Saturday, December 20, 2014

POSTMORTEM HAS MANY MEANINGS: Vivan



BLOUIN ARTINFO spoke to the artist half an hour to find out more about the artistic concerns he addresses through the show.

Someone performing a postmortem is usually looking for something. What was it that you were looking for?

Well, I think postmortem has now many meanings, and if you google it, you’ll see the results are all connected to business. I was amazed. It was all about re-examining your business, questioning the parameters of what things are, and at the end of it to make your administration efficient. I was quite taken aback.

In one sense it is about a re-examination, questioning what one did, of turning things inside out. I felt that since trash and the found object has been part of my thinking for the last 20 years I should then go back to the found object as art. Because there was a crossover from art to fashion and I would call what I created “sculptural garments.” The word garment was at the end of the word sculpture.

Here there are sculptures, and the interest in this inanimate, neutral mannequin, which is not supposed to have any aspect of desire. It’s the human body, greatly modeled, of course, on the Western body type. But it’s about how a throwaway object — because these are all, as you can see, rejects from fashion studios — can become a piece of a sculpture.
This kind of transference to the human figure, which has been crafted and based on certain types that come from art get discarded and now return to become sculptural objects. The cutting up is an act of desecration, destruction. But the point is always to hover on that line between destroying it and then bringing it back into the domain of art.
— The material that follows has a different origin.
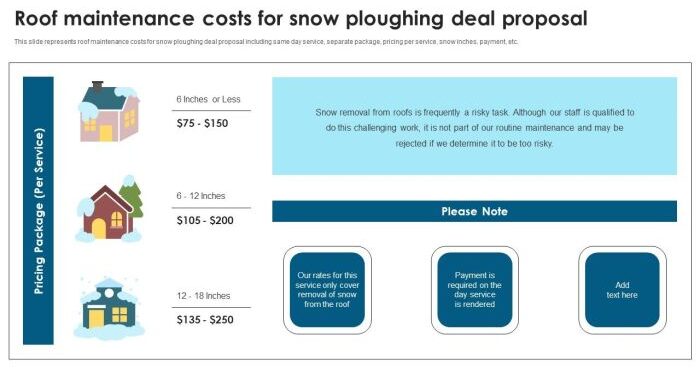 Roof Maintenance Costs For Snow Ploughing Deal Proposal Ppt Ideas Design In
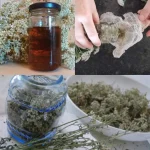 Quick Almond and Condensed Milk Dessert: No Bake Delight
You start from a certain level of dismemberment on the ground floor of the gallery space, when you go up, it becomes a more interior kind of dismemberment, where you’re creating sculptures using models of human organs. But when you go up to the top, you have the only “whole” figure, a woman representing “Liberty.” Was that deliberate. What was the rationale?

I thought that the first room would have works that have a symbolic, classical refinement about them; minimalism. Then as you move to the ends of the room, the thematic emerges. So when you come up to the first floor, the idea was to turn this aesthetic into a counter aesthetic, of the studio space, of the whole room becoming an installation. The one on top, the room with the single figure, has a soundscape around it. So, there is a movement… from the macabre, from death, to liberty.

Was there a dialogue you were having with surrealist art? Or is the resonance incidental?
Of course. Surrealism and the collage very much came together. I think in some of these fantastical juxtapositions, the scale is part of the surrealist aspect.

Somewhere, people cross over from postmodern to theoretical art. I felt the need to, because actually, what I’ve been saying is that I’ve returned to studio practice after more than 20 years, because “Gagawaka” was a fashion-designer’s studio with two assistants and a tailor. I felt the procedure of being involved wasn’t as much. I would do a sketch, work with material, so how the artist works with their hands was there, but here it’s much more. This work you see in front, I mean, this pair of legs was cut off from something else, so it was lying there. I’m an untidy artist, everything is in chaos. Suddenly I see this spectacular head.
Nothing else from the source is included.